A éste lo he montado en la moto y me lo he traído a casa con el corazón dándome bofetadas en el pecho. Una vez aquí, le he quitado los zapatos, el reloj, la cazadora... Le he prestado mi albornoz nuevo y mis zapatillas de gamuza azul. Más tarde, en el sofá, le he puesto una copa y acariciado el pelo. Al final, cuando la cosa estaba a punto, lo he besado con avaricia, para que no se me olvide.
Los compañeros, informados del asunto, han estado a punto de fastidiarme la noche.
-Qué, Zacarías, cómo te va con el gachó.
-Niño, si necesitas que te subamos algo, no tienes más que pedirlo.
No me ha importado nada su timidez extrema, nada que me mirara como un portero de discoteca, que se dejara desvestir con la estupidez de un portero de discoteca. Es lo que yo andaba buscando y, desde luego, no entra en mis planes deshacerme de él en una buena temporada; menos aún abandonarlo en medio del parque, que es donde luego los encontramos nosotros, desguazados e irreconocibles por el abuso. Tampoco, es evidente, tirarlo por la ventana o endilgárselo a algún amigo en horas bajas, como sé que se ha hecho durante años en nuestro cuerpo para así abultar el número de capturas.

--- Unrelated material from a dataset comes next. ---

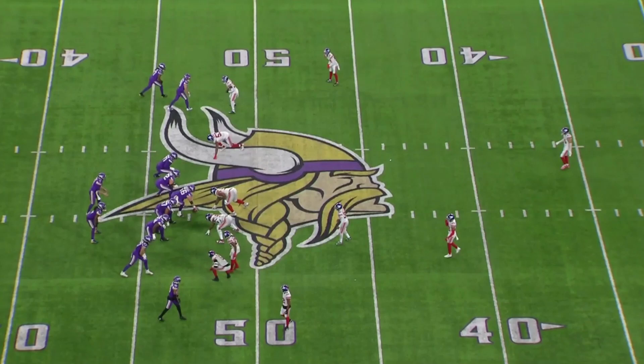This is effectively the last play in this game. Kirk Cousins is going to check it down to TJ Hockenson, way short of the sticks, effectively forfeiting the game.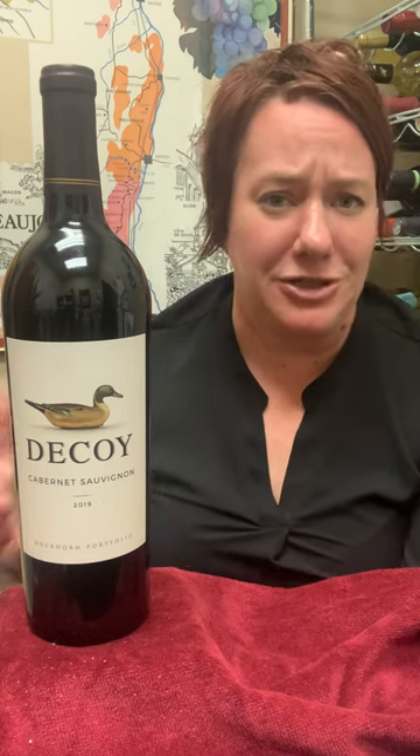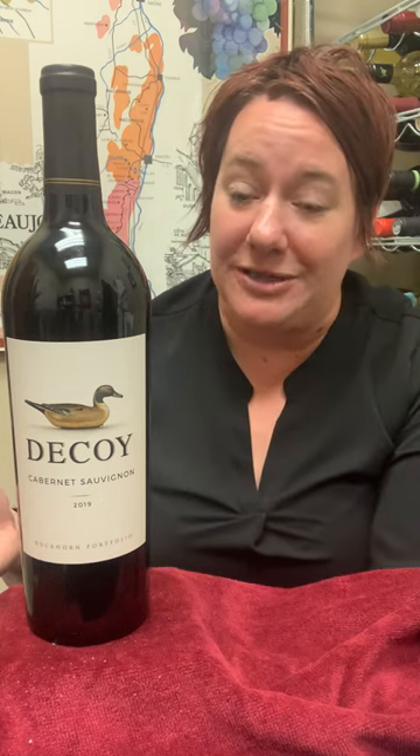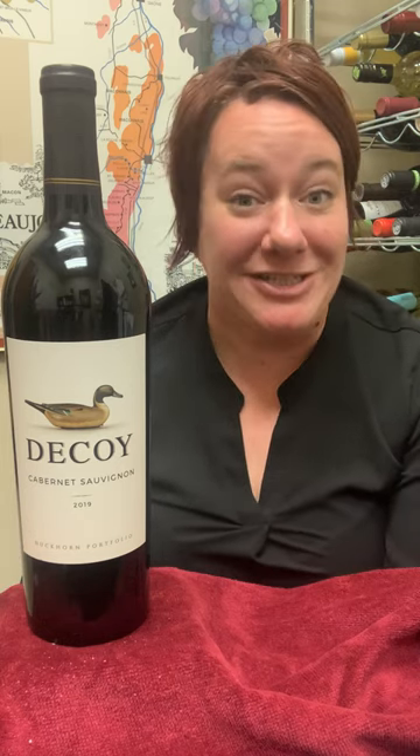Cap'n Cork has it for $17.99. That's $7 less than most people, because usually it's about $25. So not only is it the lowest price in the fort, it just might be one of the lowest prices ever. You should go pick up a few, drink better for less, and enjoy some Dockhorn Decoy. Cheers!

Lo voy a conservar. Sí. Me alivia saber que cuando regrese de esas noches infernales en las que toda búsqueda se vuelve infructuosa, él estará ahí para que yo le quite los zapatos, para que le corrija entre caricias el nudo de la corbata, para que le ponga una copa mientras observo cómo, rendido, se desploma sobre la cama... Todo, claro, con esa franca y sólida estupidez de los cadáveres, niño, de todos los cadáveres.